I’ve got a very large amount of video footage that needs editing. Right now I’m trying to export one movie out of Premiere so I can delete the 70+ gigs of original footage that I had.
But I’ve got a problem: None of my disks have enough space to hold the rendered movie. It DID have enough space last night, when I TRIED to render the movie… but it soaked up a disgusting amount of space for a pathetic amount of movie. Now, the idea was to have a relatively uncompressed video file - about one hour at approximately 20 gigabytes - and then compress THAT with an alternate encoder…
But that’s beside the point. The problem: To free up even more space, I moved a ~6 gigabyte video file from one drive to the other… but after doing so, the previous drive did NOT have 6 more gigabytes free! What the hell? Now my second drive is completely full (that last file having taken up the rest of the space), and so I’m stuck!

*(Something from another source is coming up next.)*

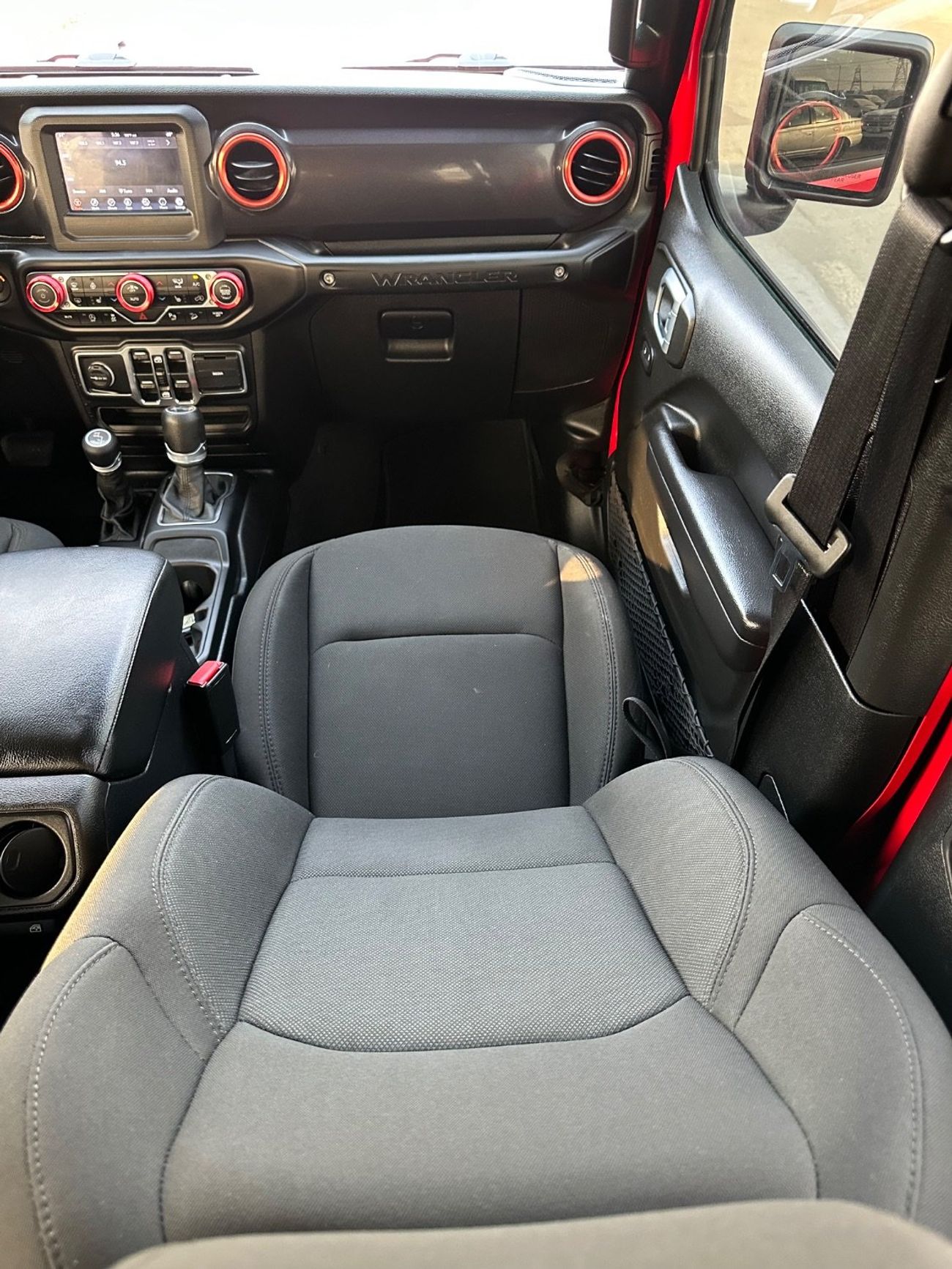 Jeep Wrangler Unlimited Sport 3.6L A/T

How the heck do I get my hard drive space back? (Windows XP OS, NTFS file system)
Heh, it’s even worse… not only did I move that 6-gig file, I also deleted a wasted 20-gig movie file, so I SHOULD have 26 gigs of space free… but instead I have less than 100 megabytes! Criminy!

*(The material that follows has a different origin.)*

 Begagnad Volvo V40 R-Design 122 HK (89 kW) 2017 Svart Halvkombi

So you moved a 6GB file from one Hard disk to another, and the source disk didn’t ‘grow’ by 6GB.
Sorry if this is obvious… Check that the file has actually gone from the source disk (that you didn’t copy rather than move by mistake)
Are the drives physical drives or are they partitions of fewer drivers (or one drive)
I find that a very useful program to help in freeing up space is Treesize Pro. It can list your directories in order of size, making it easy to free up lots of space without having to root out files. And it makes it very quick to find the largest files/directories.
Without it you could spend all day removing large files, all the time not knowing about the HUGE file in the unknown directory that you missed.
Sounds like you need to empty the recycle bin. Right click the Recycle Bin, and click “Empty Recycle Bin.”
FYI, if there’s a file you’d like to delete and are SURE you’ll never want it back and don’t want it wasting space in your Recycle bin, select the file(s) and hit Shift+Delete.
Checked and double-checked, especially that 20-gig video file.
Two separate physical drives.
Thanks for the program link. Maybe I’ll give it a try when I get home, although I dunno if that would work. Then again, I’ve got this horrible nagging feeling (as I do with all computer-related problems) that there’s a terribly simple solution.
Well, apart from simply helping you find large files I was thinking it would maybe identify the reason why moving a 6 gig file didn’t free up 6 gig of space (by finding any file that big). I am baffled by that one.
If you like Treesize, google for “Sequoia View”. It does what Treesize does, but shows the results graphically. I recommend it.
Damn that’s a bloody eye-pleasing app!
(and when I am sober I’ll be able to find out how useful it is)
Thanks for the link.
A similar app, the one I use, is SpaceMonger.
Do you have Norton Systemworks (or Utilities) or some other program with “undelete” functionality installed? If so, you may need, in the case of Norton, to right-click your recycle bin and “delete protected files.” Happens to me all the time (even times I could’ve sworn I turned off the protection feature).
Holy sweet load of mother-plunkin’ crap! KKBattousai hit the correct answer! Free space: 30.1 gigabytes… woo!
Strange thing: I actually checked the Recycle Bin, and it said that the largest “stored” file was just over 10 megabytes. But then I emptied it, and… well… I’m good! Sweet!
Thanks, y’alls. You guys just made a shitty day decent.
I’ve got a question, though. Why does an hour of video make up 20Gb. When I capture raw DV from tape it comes in at 13Gb per hour (approx).
Are there additional things included?
DV is still compressed, by a factor of 1:5 (or is that 5:1? Whatever). I accidentally told Premiere to export the video as “Microsoft AVI” rather than “Microsoft **DV]/b] AVI”. Actually, the 20-gig file was only 14 minutes of raw, uncompressed footage.
Oh well. A mod can close this thread. Maybe add a link to it in the Computer Problems sticky.